Education Sector, a nonpartisan education policy group, compared math and reading scores for fourth and eighth graders from the National Assessment of Education Progress (NAEP), also known as “the nation's report card,” from 2003 to 2011. According to the analysis, gains in student achievement varied considerably by state, with the greatest disparities among students from low-income families.
The study combined math and reading scores into composite scores, although NAEP reports math and reading scores separately and some experts cautioned that combining scores could lead to misleading results.
Maryland ranked first among the states, with composite scores for fourth and eighth graders that jumped by 46 points between 2003 and 2011. But the District of Columbia did even better, with a 49.9 point increase. West Virginia's composite score dropped by 1.9 points, ranking it last among the states. The composite scale score for all students across the nation grew by 20 points.

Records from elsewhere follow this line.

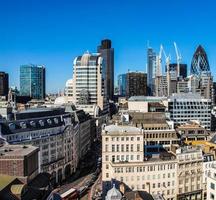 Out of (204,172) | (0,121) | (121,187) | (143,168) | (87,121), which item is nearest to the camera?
(121,187)

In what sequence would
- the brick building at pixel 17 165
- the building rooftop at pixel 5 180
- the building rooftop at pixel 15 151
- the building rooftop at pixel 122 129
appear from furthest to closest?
1. the building rooftop at pixel 122 129
2. the building rooftop at pixel 15 151
3. the brick building at pixel 17 165
4. the building rooftop at pixel 5 180

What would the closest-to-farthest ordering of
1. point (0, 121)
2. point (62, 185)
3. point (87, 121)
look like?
point (0, 121)
point (62, 185)
point (87, 121)

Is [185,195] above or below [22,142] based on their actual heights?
below

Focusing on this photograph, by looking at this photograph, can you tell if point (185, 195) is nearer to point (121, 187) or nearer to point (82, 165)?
point (121, 187)

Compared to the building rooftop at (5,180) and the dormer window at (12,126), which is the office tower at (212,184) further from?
the dormer window at (12,126)

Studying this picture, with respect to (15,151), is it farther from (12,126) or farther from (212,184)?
(212,184)

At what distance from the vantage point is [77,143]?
539 feet

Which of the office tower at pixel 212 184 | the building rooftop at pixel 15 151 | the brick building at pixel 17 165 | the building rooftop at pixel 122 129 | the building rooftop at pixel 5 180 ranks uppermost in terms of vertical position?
the building rooftop at pixel 122 129

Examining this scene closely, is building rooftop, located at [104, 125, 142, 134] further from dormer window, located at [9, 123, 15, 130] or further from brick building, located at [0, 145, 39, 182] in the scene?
brick building, located at [0, 145, 39, 182]

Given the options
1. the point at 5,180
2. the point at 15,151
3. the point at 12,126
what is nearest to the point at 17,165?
the point at 5,180

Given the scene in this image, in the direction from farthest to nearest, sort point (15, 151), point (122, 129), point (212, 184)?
point (122, 129)
point (212, 184)
point (15, 151)

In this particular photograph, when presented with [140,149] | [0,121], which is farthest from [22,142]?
[140,149]

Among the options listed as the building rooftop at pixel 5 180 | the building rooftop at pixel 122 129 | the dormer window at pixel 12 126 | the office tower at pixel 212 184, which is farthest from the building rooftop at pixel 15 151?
the office tower at pixel 212 184

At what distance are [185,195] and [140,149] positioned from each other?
19332mm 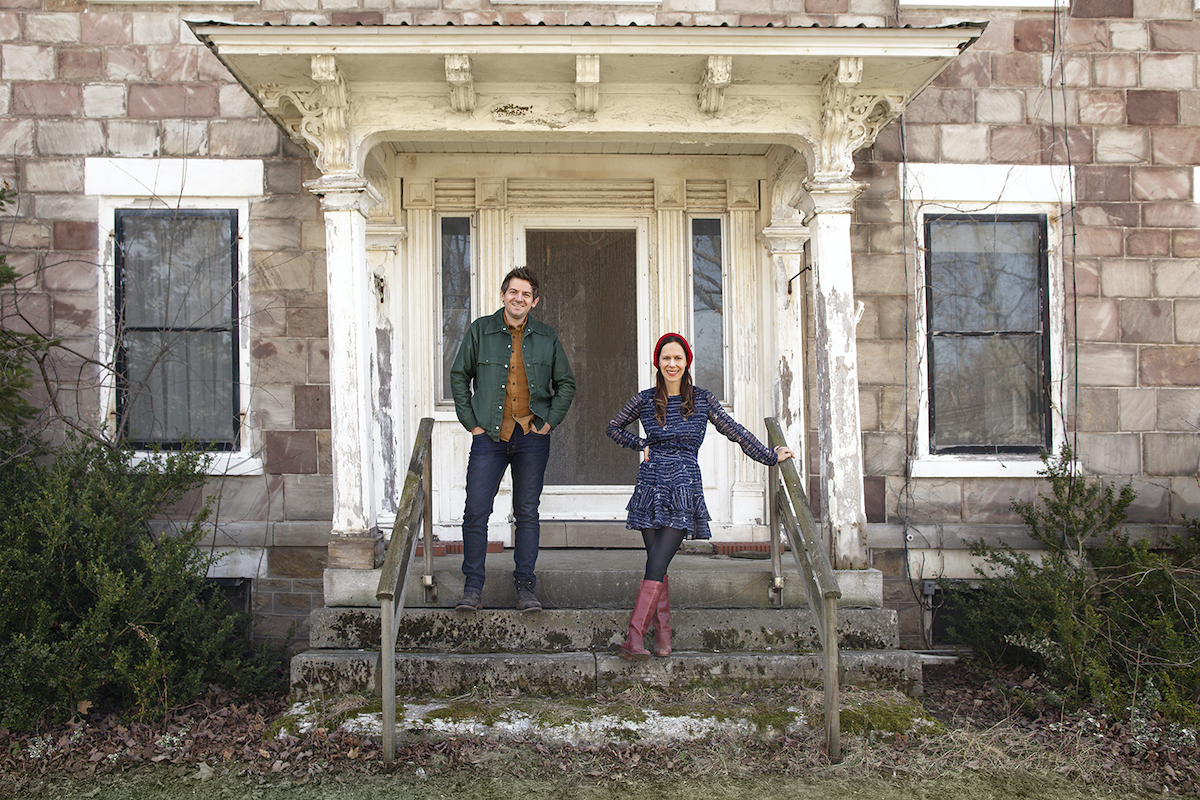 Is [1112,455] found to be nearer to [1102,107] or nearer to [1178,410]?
[1178,410]

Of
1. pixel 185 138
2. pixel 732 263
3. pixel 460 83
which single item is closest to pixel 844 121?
pixel 732 263

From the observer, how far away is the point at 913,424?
583 cm

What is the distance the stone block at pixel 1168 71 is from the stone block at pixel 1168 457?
2.47 metres

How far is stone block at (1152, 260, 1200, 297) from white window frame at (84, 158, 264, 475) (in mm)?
6315

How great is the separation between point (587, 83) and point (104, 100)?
3.64 metres

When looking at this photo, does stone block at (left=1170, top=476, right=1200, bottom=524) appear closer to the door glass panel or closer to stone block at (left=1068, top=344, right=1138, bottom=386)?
stone block at (left=1068, top=344, right=1138, bottom=386)

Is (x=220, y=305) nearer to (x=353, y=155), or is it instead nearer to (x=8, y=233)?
(x=8, y=233)

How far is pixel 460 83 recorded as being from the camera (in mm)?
4465

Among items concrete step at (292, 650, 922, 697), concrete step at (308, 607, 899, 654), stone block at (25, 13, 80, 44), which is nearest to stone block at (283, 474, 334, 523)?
concrete step at (308, 607, 899, 654)

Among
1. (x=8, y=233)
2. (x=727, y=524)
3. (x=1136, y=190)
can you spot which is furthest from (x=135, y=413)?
(x=1136, y=190)

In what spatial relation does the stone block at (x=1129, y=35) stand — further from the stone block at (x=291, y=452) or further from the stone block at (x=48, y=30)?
the stone block at (x=48, y=30)

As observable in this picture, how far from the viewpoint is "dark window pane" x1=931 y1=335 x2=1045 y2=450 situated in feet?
19.5

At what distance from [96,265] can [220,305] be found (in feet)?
2.81

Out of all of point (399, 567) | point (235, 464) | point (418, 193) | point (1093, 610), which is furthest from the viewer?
point (418, 193) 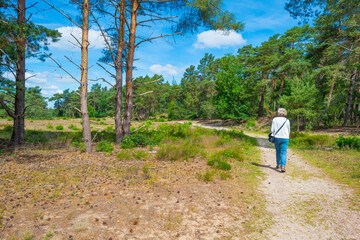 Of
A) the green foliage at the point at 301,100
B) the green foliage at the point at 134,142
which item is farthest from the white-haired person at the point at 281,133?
the green foliage at the point at 301,100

New Jersey, Massachusetts and Hawaii followed Washington, D.C. and Maryland as the top performers, according to the report. Iowa, Oregon, New York and Michigan rounded out the bottom five after West Virginia.
“Many states have done a great job over the last decade helping all kinds of students make progress, but many states have not,” said John Chubb, the interim chief executive of Education Sector and coauthor of the study.
Other studies have focused on state-by-state differences in overall academic achievement, but not on progress. The earlier studies tended to show a correlation between high incomes and high achievement. But the Education Sector study found that income did not correlate well with progress. Students in some lower income states such as Georgia, Kentucky and Florida made relatively good progress, while students in high-income states such as Michigan and New York did not.
“The differences are really due to the quality of education policies over the last decade,” Chubb said. “It did surprise us. We were very impressed by the gains that were being made in some states, particularly for economically disadvantaged children, African-American and Hispanic kids – some of the top states made gains in those categories that over 20 years would eliminate achievement gaps and that's fantastic. But other states essentially stood still.”
The report discusses some of the practices of high-performing states, such as using student assessment data to measure the work of educators and requiring that new teachers be formally observed and evaluated multiple times in a year.
But Andy Porter, dean of the Graduate School of Education at the University of Pennsylvania, cautioned against drawing conclusions about the cause of improvements in academic achievement. “When you say these states that are on the improvement because of ‘X,' that's speculation,” said Porter, who had not seen the Education Sector report.
As lawmakers are debating whether to reauthorize the Elementary and Secondary Education Act, the primary federal law governing education, Chubb said they should keep in mind the differences in the states' progress in academic achievement, particularly for low-income students. He said that while states do need flexibility in deciding how to teach children, they should also be held accountable for student progress – or lack of it.
“The recommendation is that flexibility be provided but that progress be measured with a common metric – that could be NAEP or it could be new Common Core assessments – but flexibility without accountability is just irresponsible,” Chubb said.